12 Orthogonal Matrices

Transformations that preserve lengths and angles. Numerically ideal due to optimal conditioning (\(\kappa_2(\bQ) = 1\)).

Orthogonal transformations rotate or reflect space without stretching it. Because they preserve lengths, they do not amplify errors in the Euclidean norm. This is why stable numerical linear algebra tries to use orthogonal transformations whenever possible.

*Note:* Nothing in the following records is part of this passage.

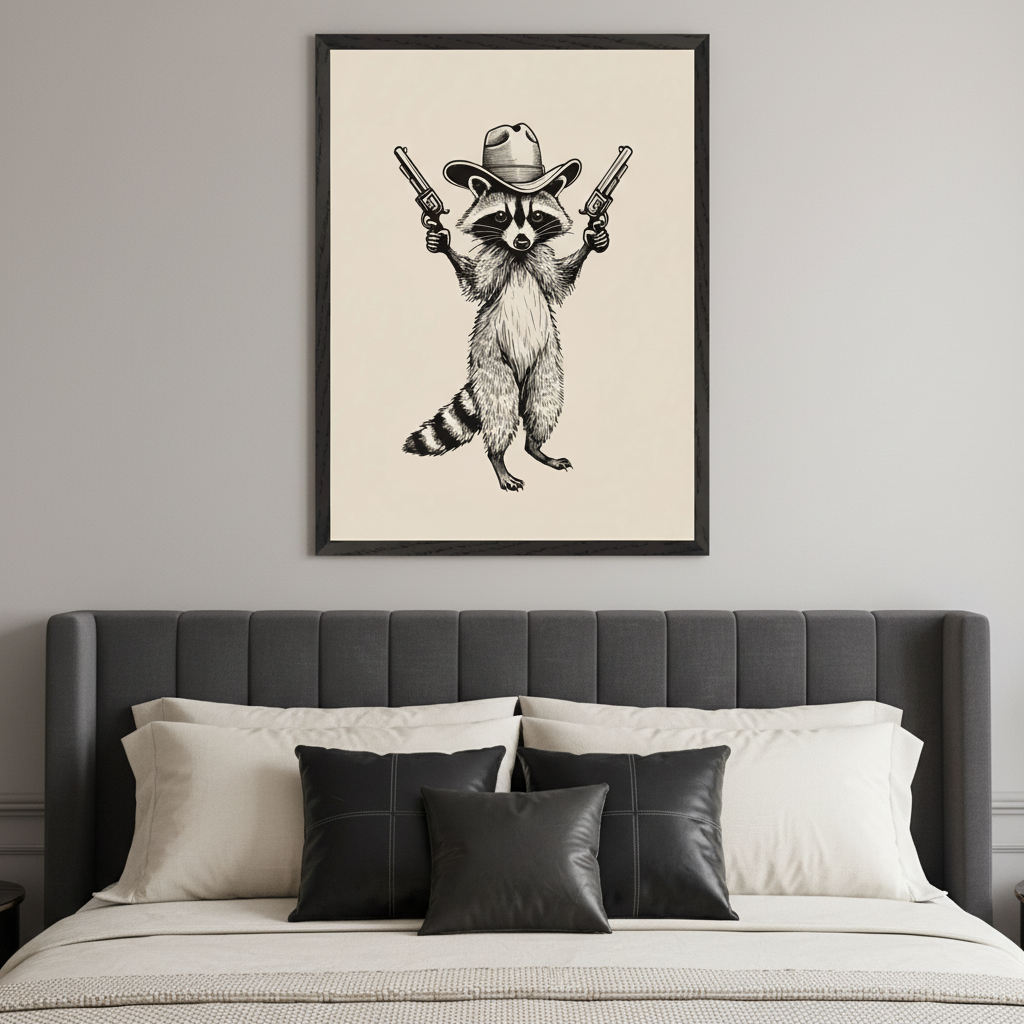 Modern bedroom with a dark gray upholstered bed. A large framed print of a raccoon in a cowboy hat holding two revolvers, in a line art style, hangs centered above the bed.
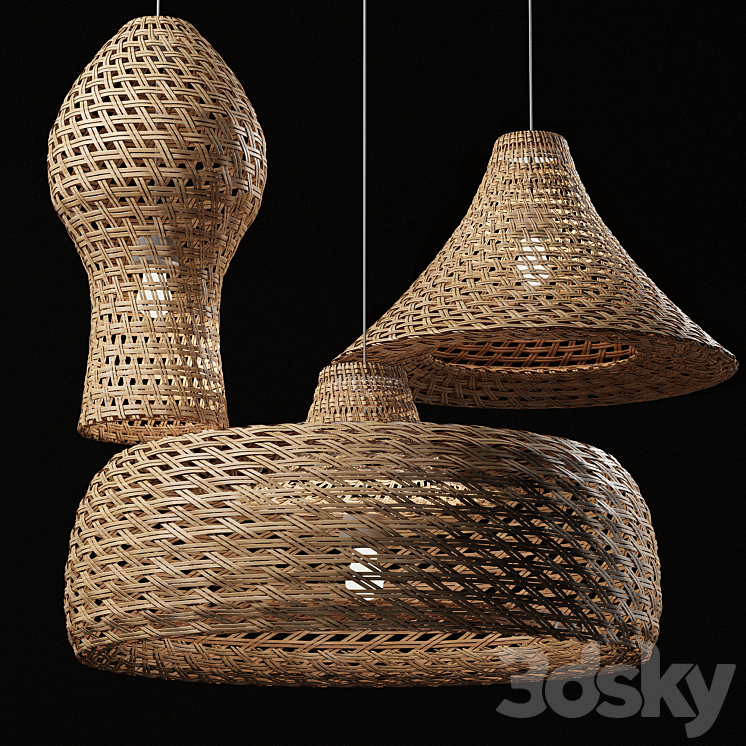 Rattan Pendant Light 07 3DS Max Model - thumbnail 1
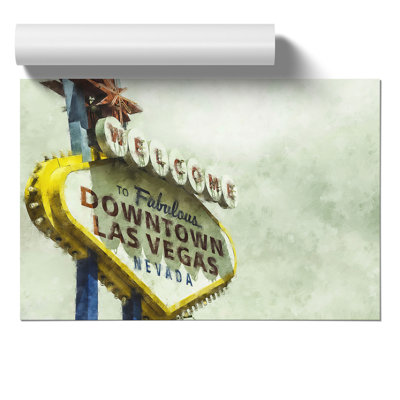 Las Vegas Sign Painting - Frameless Print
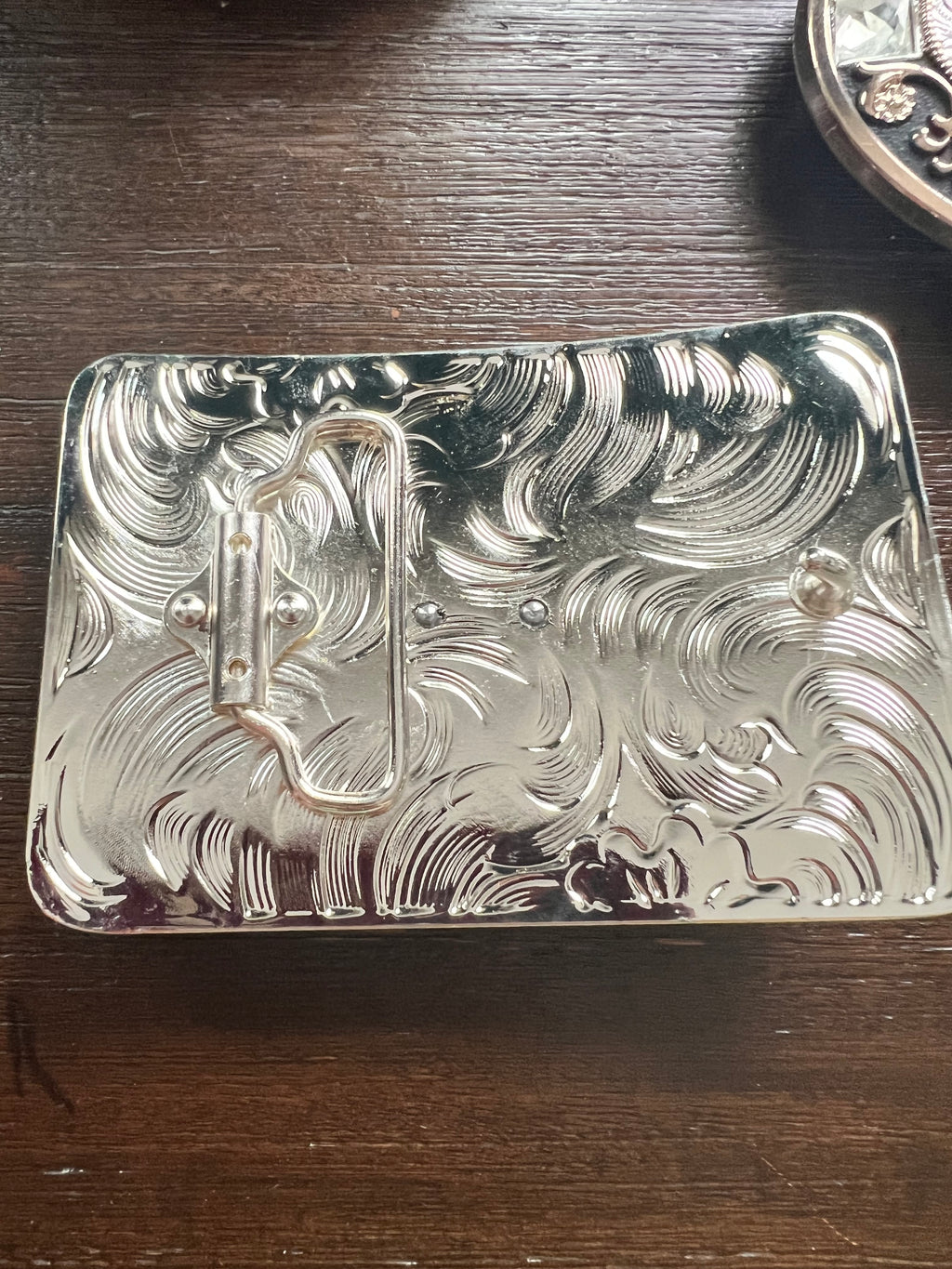 Gold Bull Rider Silver & Black Belt Buckle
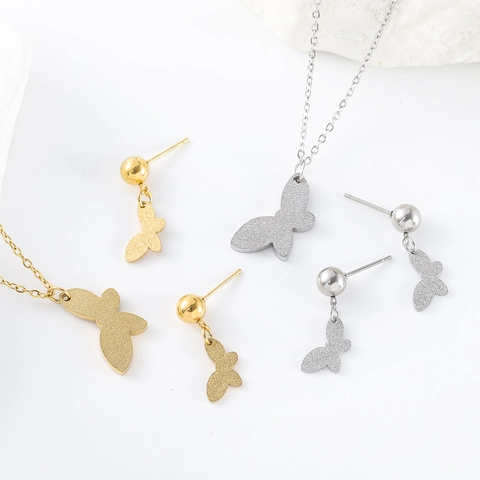 Collar De Mariposa Y Pendientes De Mariposa Acero Inoxidable 304 Esmerilado Mate Minimalista Joyería Mujer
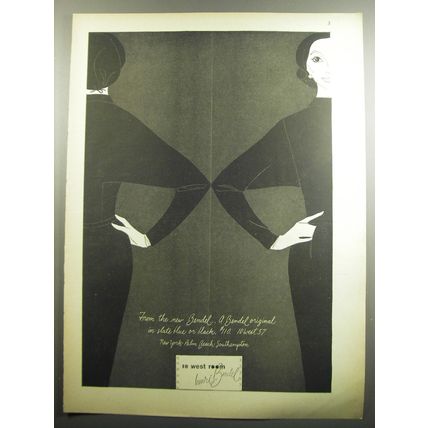 1957 Henri Bendel Fashion Ad - A Bendel original in slate blue or black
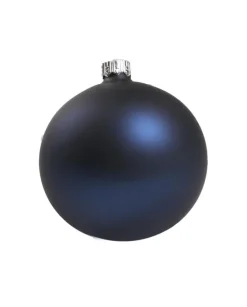 1Pz Pallina Sfera Di Vetro Liscia Blu Opaco 80Mm Per Albero Di Natale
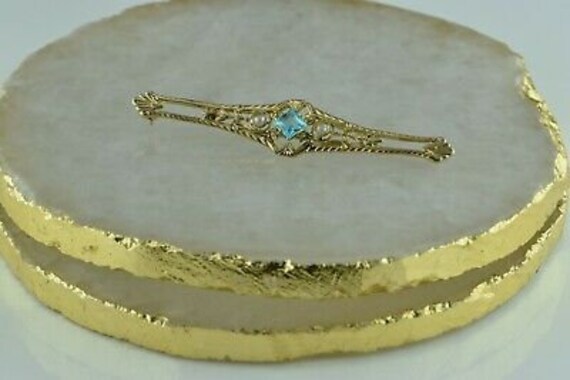 Vintage 10K Yellow Gold Bar Pin Faux Pearl and Aq… - image 3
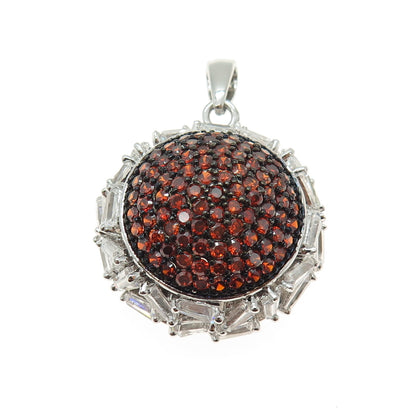 925 Sterling Silver Real Red Garnet & Tapered Baguette-Cut C Z Round Pendant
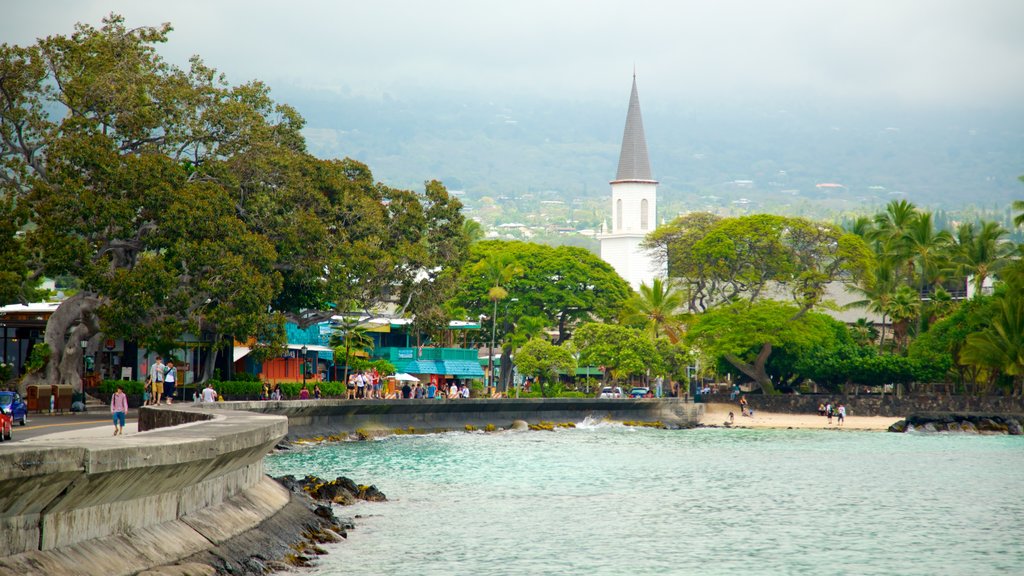 Kailua-Kona som viser udsigt over kystområde og en kystby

12.1 Orthogonality and Orthonormal Bases

Definition: Orthogonal Vectors

\(\bx, \by \in \fR^n\) are orthogonal if \(\bx^T\by = 0\).

Mutually Orthogonal Set: \(\bv_i^T\bv_j = 0\) for all \(i \neq j\).

Definition: Orthonormal Basis

A set \(\{\bq_1, ..., \bq_n\}\) where \(\bq_i^T\bq_j = \delta_{ij}\) (unit length and mutually orthogonal).

Matrix Form: If \(\bQ = [\bq_1, ..., \bq_n]\), then \(\bQ^T\bQ = \bI\).

Remark

(Efficiency in Orthonormal Bases) In an orthonormal basis, the coefficients of a vector \(\bv = \sum c_i \bq_i\) are given by standard inner products: \(c_i = \bq_i^T\bv\). This allows the solution of a linear system, which generally requires \(O(n^3)\) operations, to be computed using a sequence of inner products in \(O(n^2)\) time.

Exercise

Verify \(\bq_1 = \frac{1}{\sqrt{2}}(1, 1)^T, \bq_2 = \frac{1}{\sqrt{2}}(1, -1)^T\) is an orthonormal basis using the result above.
Express \(\bv = (3, -1)^T\) in this basis using the result above.
Prove that any set of \(n\) mutually orthogonal nonzero vectors is linearly independent.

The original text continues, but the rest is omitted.